Spark Streaming app streams files that have already been streamed


We have a spark streaming app deployed in a YARN ec2 cluster with 1 name node and 2 data nodes. We submit the app with 11 executors with 1 core and 588 MB of RAM each. The app streams from a directory in S3 which is constantly being written; this is the line of code that achieves that:

val ssc = new StreamingContext(sparkConf, Seconds(10))
val lines = ssc.fileStream[LongWritable, Text, TextInputFormat](Settings.S3RequestsHost , (f:Path)=> true, true )
//some maps and other logic here
ssc.start()
ssc.awaitTermination()

The purpose of using fileStream instead of textFileStream is to customize the way that spark handles existing files when the process starts. We want to process just the new files that are added after the process launched and omit the existing ones. We configured a batch duration of 10 seconds.

The process goes fine while we add a small number of files to s3, let's say 4 or 5. We can see in the streaming UI how the stages are executed successfully in the executors, one for each file that is processed. But sometimes when we try to add a larger number of files, we face a strange behavior; the application starts streaming files that have already been streamed.

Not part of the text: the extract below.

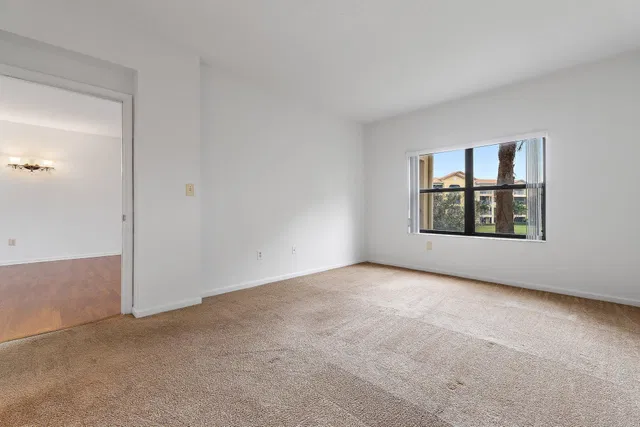 Unit 204 photo 20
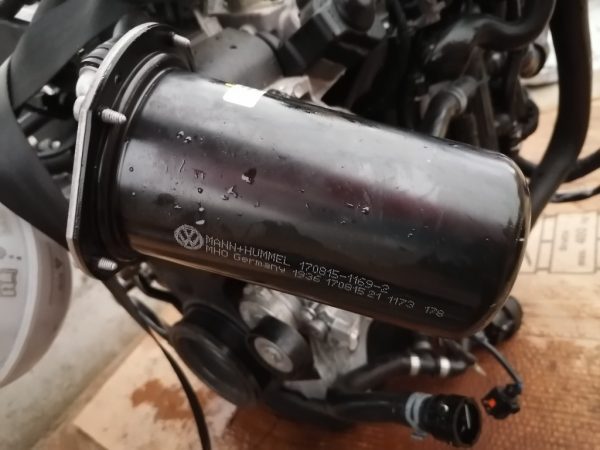 Carcasa filtru motorina VW Golf 7 5Q0127399BC 5Q0 127 399 BC la 0 km - Dezmembrari Auto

For example, I add 20 files to s3. The files are processed in 3 batches. The first batch processes 7 files, the second 8 and the third 5. No more files are added to S3 at this point, but spark start repeating these phases endlessly with the same files! Any thoughts what can be causing this?

I've posted a Jira ticket for this issue: https://issues.apache.org/jira/browse/SPARK-3553


Solution

  • Note the sentence "The files must be created in the dataDirectory by atomically moving or renaming them into the data directory" from the Spark Streaming Programming Guide. The entire file must appear all at once, rather than creating the file empty and appending to it.

    One approach is to get cloudberry to put the files somewhere else, and then run a script periodically that either moves or renames the files into the directory you've attached your streaming app to.